„Der Karren steht immer noch nicht gerade“, schimpft Hubert und schlägt dem Ei wütend den Kopf ab. Else sagt nichts. Minutenlang klappern nur Kaffeetassen, Messer und Eierlöffel im Innenraum des silbergrauen Campingwagens.

Ein Furz zerreißt die Stille, aber auch der bleibt unerwidert. Beide haben sich dran gewöhnt, dass die Luft immer öfter ohne Passierschein entweicht. Ist halt so, da kann man nichts machen. Vor allem Else hat’s mit den Flatulenzen. Aber nach über 40 Jahren Ehe, erträgt die Beziehung so einiges.

Wortlos steht Else auf und beginnt mit dem Abwasch. Ein bißchen Pril aufs Schwämmchen, alles einmal durchwischen, mit klarem Wasser abspülen und zum Trocknen abstellen.

Hubert blickt immer noch entgeistert in seine Kaffeetasse, in der der letzte Schluck noch hängt und ein Problem offensichtlich macht: Der verdammte Wagen ist nicht in Waage! Dabei hatte er doch immer wieder die kleine Wasserwaage bedient und das Gefährt mit den Metallstützen perfekt nivelliert.

Wütend stapft er ins Freie und stolpert dabei fast über Schröder, den alten Schäferhund. Dann sieht er das Problem und erschrickt. Eine der eisernen Stützen am Heck des Wagens hat dem Rost nachgegeben und ist durchgebogen. Genau an der Seite auf der Hubert immer pennt.

„Hab dir tausend Mal gesagt, du sollst dich abends nicht so ins Bett schleudern“, hört er Else sagen – ihre ersten Worte heute. Sie steht neben ihm, Kreuzworträtsel und Kuli in der Hand. Hubert grunzt nur mürrisch. In der Tat erinnerte er sich, dass bei seinem abendlichen Ritual ein leichtes Knacken zu hören war: Die 100 Kilo auf die Bettkante absetzen, Schlappen in hohem Bogen direkt vom Fuß in die Besenecke feuern, vorbeugen, Arme ausstrecken und mit Schwung nach hinten, so dass er mit dem Kopf direkt vor der Heckscheibe zum Stillstand kommt. „Knack“ – ja so muss es passiert sein.
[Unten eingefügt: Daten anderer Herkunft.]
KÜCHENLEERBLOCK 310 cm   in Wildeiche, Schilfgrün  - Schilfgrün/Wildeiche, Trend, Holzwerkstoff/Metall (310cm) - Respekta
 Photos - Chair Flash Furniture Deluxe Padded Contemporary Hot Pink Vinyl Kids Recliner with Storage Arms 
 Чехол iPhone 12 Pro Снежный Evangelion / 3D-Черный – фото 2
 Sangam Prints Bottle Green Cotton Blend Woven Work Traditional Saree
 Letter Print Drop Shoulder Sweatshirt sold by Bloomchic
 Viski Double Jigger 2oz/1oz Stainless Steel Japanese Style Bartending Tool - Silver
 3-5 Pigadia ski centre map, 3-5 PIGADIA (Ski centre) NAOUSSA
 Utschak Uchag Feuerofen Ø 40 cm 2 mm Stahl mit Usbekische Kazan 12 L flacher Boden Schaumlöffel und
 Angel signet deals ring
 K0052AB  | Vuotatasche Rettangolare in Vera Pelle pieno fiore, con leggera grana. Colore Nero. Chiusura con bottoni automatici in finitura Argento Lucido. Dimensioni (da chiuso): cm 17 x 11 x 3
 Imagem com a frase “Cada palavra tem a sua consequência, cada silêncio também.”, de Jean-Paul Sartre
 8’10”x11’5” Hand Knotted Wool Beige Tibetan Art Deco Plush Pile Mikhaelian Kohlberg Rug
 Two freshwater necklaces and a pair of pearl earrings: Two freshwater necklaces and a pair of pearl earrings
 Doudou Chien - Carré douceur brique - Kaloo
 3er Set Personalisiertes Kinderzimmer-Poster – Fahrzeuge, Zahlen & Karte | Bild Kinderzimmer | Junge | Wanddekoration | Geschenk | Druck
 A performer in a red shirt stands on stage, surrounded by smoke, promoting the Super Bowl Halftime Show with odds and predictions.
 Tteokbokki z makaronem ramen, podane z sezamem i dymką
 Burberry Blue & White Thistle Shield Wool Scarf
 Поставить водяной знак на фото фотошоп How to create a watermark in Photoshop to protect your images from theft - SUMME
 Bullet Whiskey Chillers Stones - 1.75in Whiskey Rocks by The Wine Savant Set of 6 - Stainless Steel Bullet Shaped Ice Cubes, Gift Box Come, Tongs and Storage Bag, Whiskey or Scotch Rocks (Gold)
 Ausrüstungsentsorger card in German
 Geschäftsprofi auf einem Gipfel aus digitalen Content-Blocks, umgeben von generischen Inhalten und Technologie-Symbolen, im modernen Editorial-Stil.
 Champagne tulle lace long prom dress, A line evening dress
Nur das ging Else jetzt nichts an. Die liegt jetzt eh schon auf ihrer Bahre in der Sonne und zerbricht sich die Rübe über ihren Kreuzworträtseln.

Hubert hat jetzt wenigstens ein Projekt. Er nickt zufrieden, steigt in den greisen Ford Mondeo und lenkt vom Campingplatz. Richtung: Baumarkt – einem seiner Lieblingsorte.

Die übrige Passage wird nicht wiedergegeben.